映像の「Veo」、画像の「Imagen 3」、音楽の「Music AI Sandbox」

テキストから動画・画像・音楽を生成できるAIツールを発表

 米Googleは5月14日(現地時間)、テキストから動画・画像・音楽を生成できるAIモデル「Veo」「Imagen 3」「Music AI Sandbox」を発表した。

1分以上の動画が作成できる動画生成AI「Veo」

【あらすじのプロンプトをもとに、Veoで生成した動画】
Google DeepMind's text-to-video model Veo creates 60 second video

 同社はこれまで、「Imagen Video」や「Google Lumiere」を発表していたが、いずれもプロンプトをもとに5秒ほどの簡単な動画を生成するにとどまっていた。

 今回発表された「Veo」は、1分を超えた1080pのビデオを生成可能。また「タイムラプス」や「空撮」といった専門用語も反映するという。

 「Veo」は現在、AIの実験サイト「AI Test Kitchen」内のツール「VideoFX」として、映画制作者やクリエイター向けのプライベートプレビューに向けた待機リストに登録可能。将来的には、「Veo」の機能の一部をYouTubeショート動画などにも導入する予定としている。

撮影手法も指示できる画像生成AI「Imagen 3」

 「Imagen 3」は「Imagen 2」に続く画像生成AI。前バージョンの「Imagen 2」は写実的な描写を得意としていたが、「Imagen 3」はより自然に写実的なタッチで生成可能だ。また、撮影手法など幅広いプロンプトに対応し、長い文章も詳細に反映できる。

クラゲの細かい特徴のほか、写真家が一眼レフで撮影したというプロンプトも反映している。

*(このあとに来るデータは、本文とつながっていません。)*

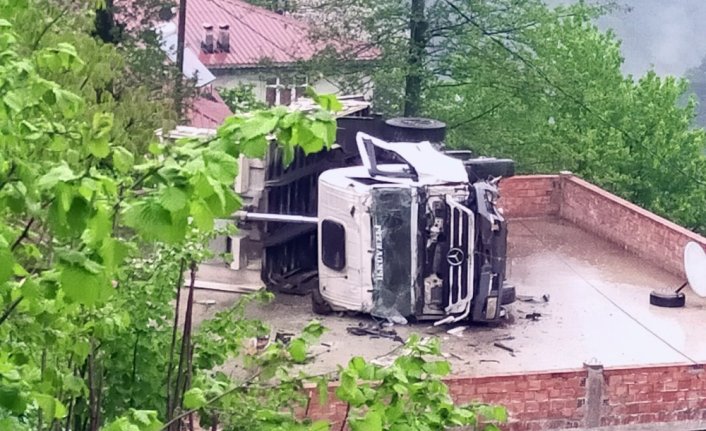 Ordu'da virajda kontrolden çıkan kamyon, yolun alt kısmındaki evin üzerine devrildi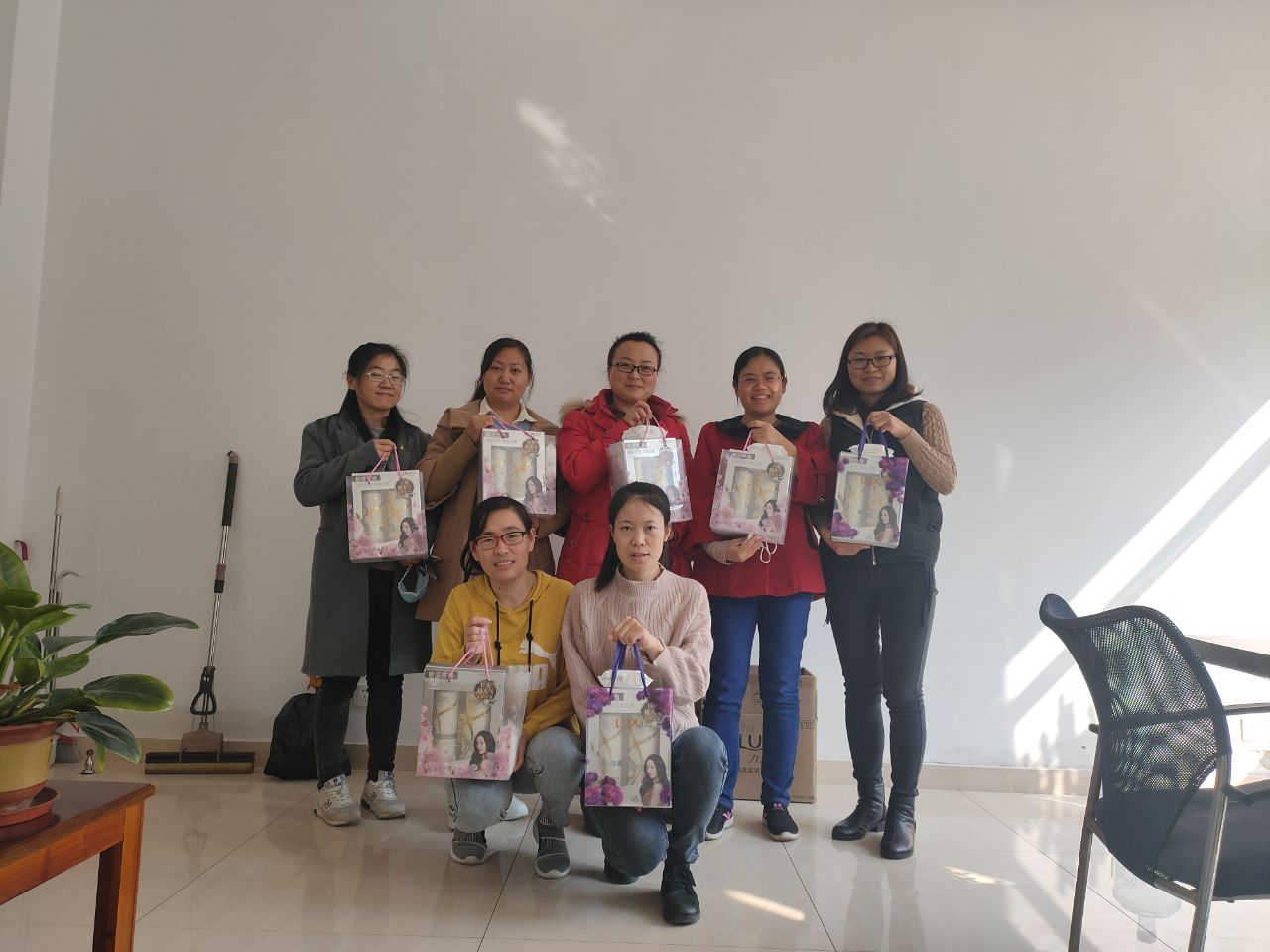 三八婦女節(jié)福利發(fā)放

プロンプト文は「Close-up of a jellyfish pulsating through crystal-clear water, tentacles trailing,vibrant coral reef background, macro photography, stock photo,high resolution,very detailed, soft lighting, professional color grading, shallow depth of field, sharp focus, taken with a DSLR camera in the style og professional photographers.」

 また、これまでAIでは画像内に文字を組み込む指示がうまく反映できなかったが、これも改善されている。例えばパーソナライズされたメッセージやプレゼンテーションのタイトルスライドなども生成できる。

「Central Library」という文字を組み込むよう指示したものが反映されている。プロンプト文は「A photograph og a stately entrance with the words "Central Library" caved into the stone」

 「Imagen 3」も「AI Test Kitchen」内のツール「ImageFX」としてプレビューに向けた待機リストに登録可能。また、近々Googleが提供するAI開発プラットフォーム「Vertec AI」に導入される予定。

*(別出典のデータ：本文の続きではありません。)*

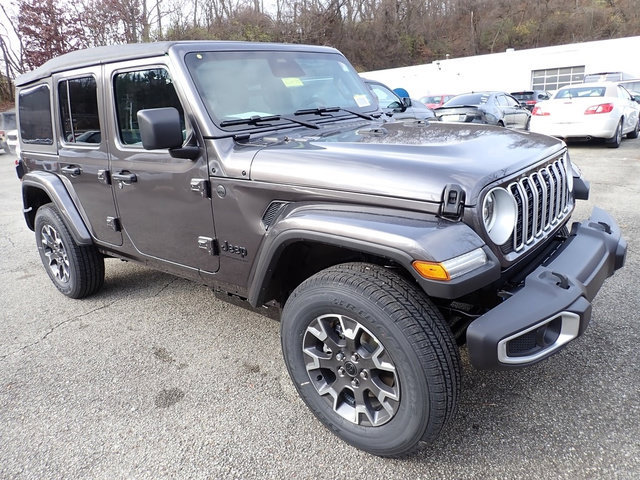 New 2026 Jeep Wrangler Unlimited Sahara w/ Safety Group AWD/4WD image 9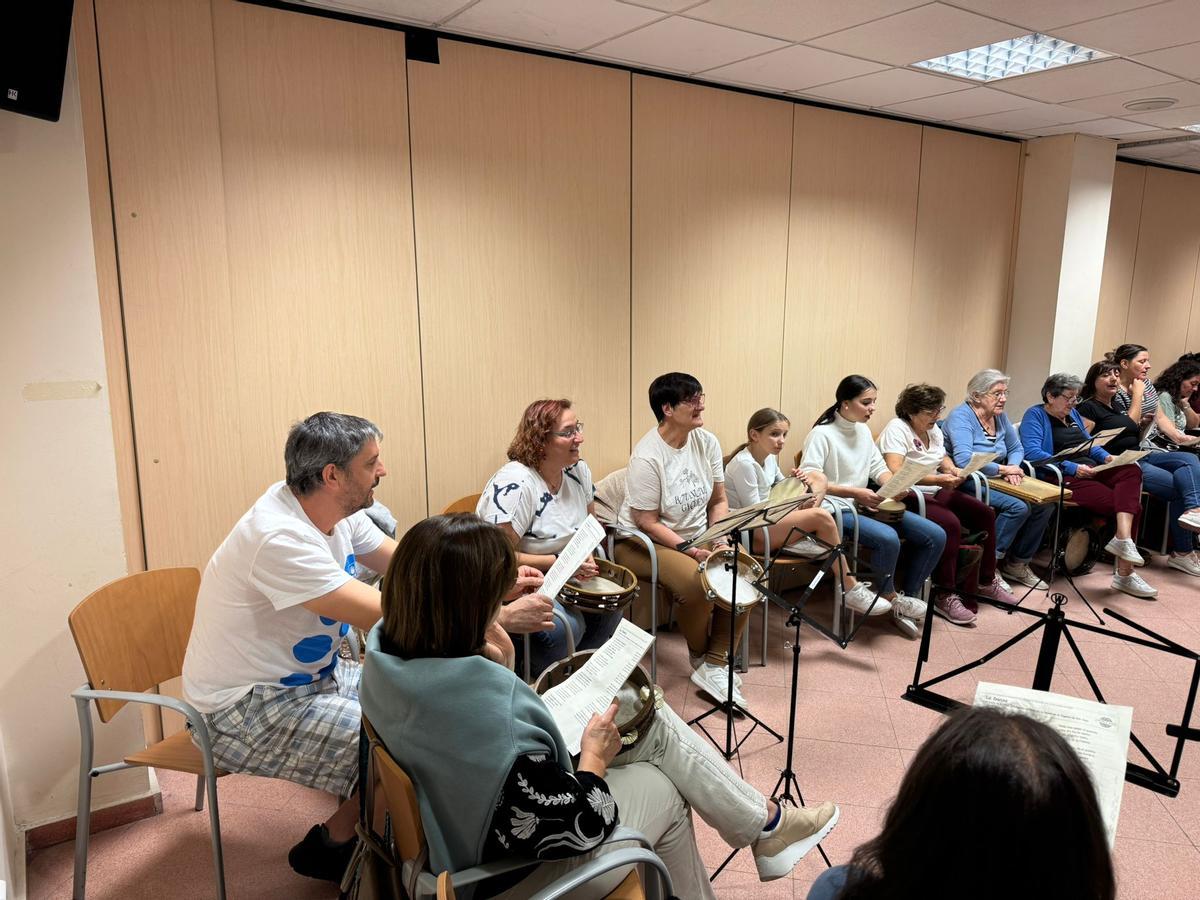 Una de las clases del curso de Extensión de la Asturiania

曲調や雰囲気を反映できる音楽生成AI「Music AI Sandbox」

 Googleがこれまで開発してきたモデル「Lyria」などをもとにしている。楽器セクションを始めから作成できるほか、「1986年のパリのファッションウィーク」といったシチュエーションから具体的な曲調・イメージも反映した音楽を生成できる。

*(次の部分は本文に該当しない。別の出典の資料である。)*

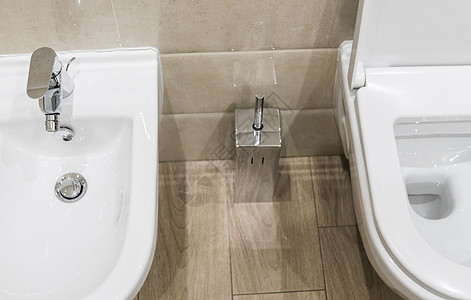 白色陶瓷浴缸和马桶的详情 现代浴室里有厕所刷子图片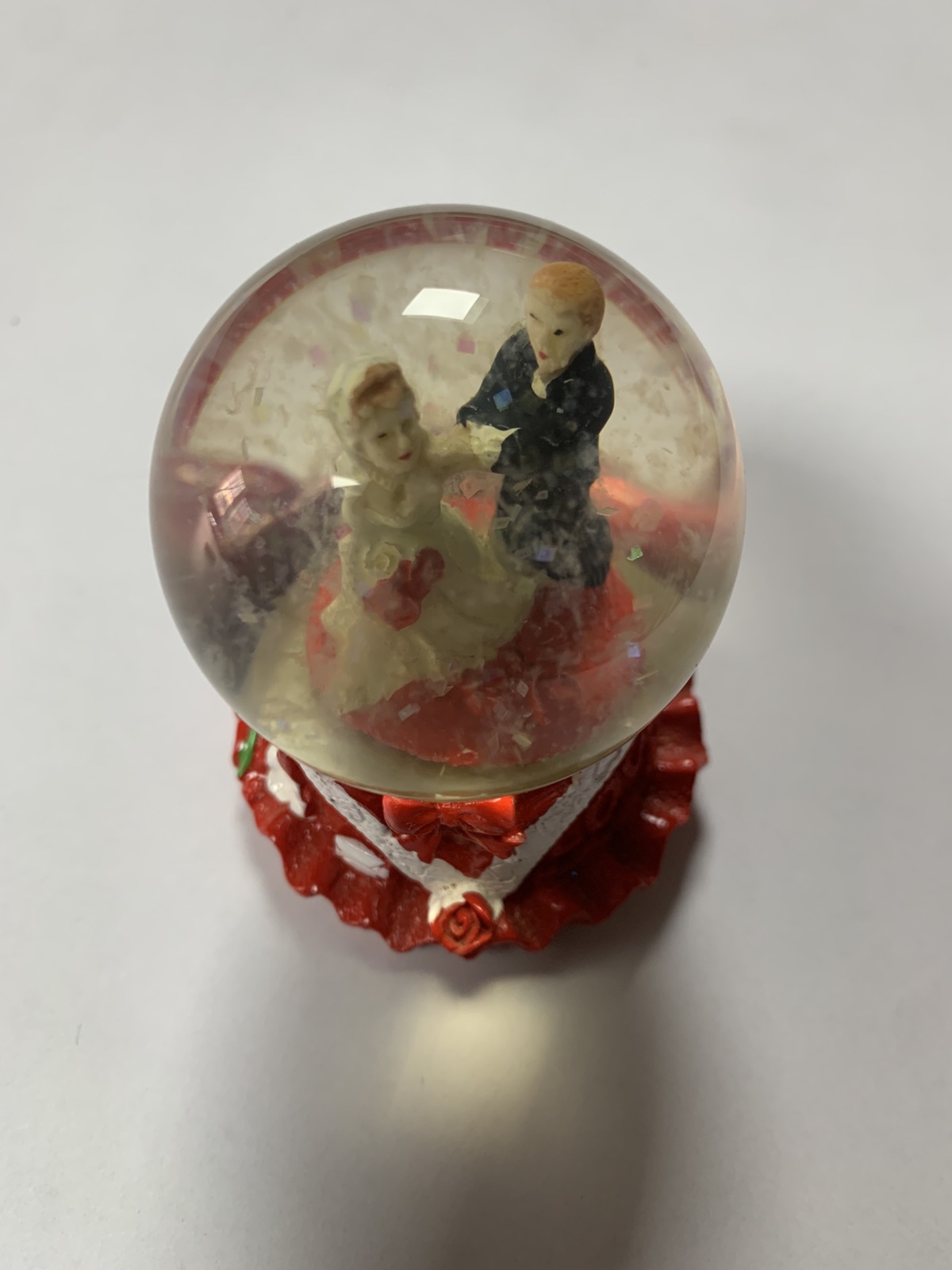 Unique Arts & Interiors Love Couple in Small Crystal Glass Ball Showpiece (pack of 1)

 YouTubeと提携し、ミュージシャン、ソングライター、プロデューサーと協力して、実験を続けている。現在、生成されたデモ音源の数曲を公開している。

【Music AI Sandboxが生成したデモ音源をもとに作成した音楽】
"Gloop" (Music Al Demo) - Marc Rebillet

 なお、これらのAIによって生成された全てのメディアには、AIが生成したものと証明する電子透かし「SynthID」が埋め込まれる。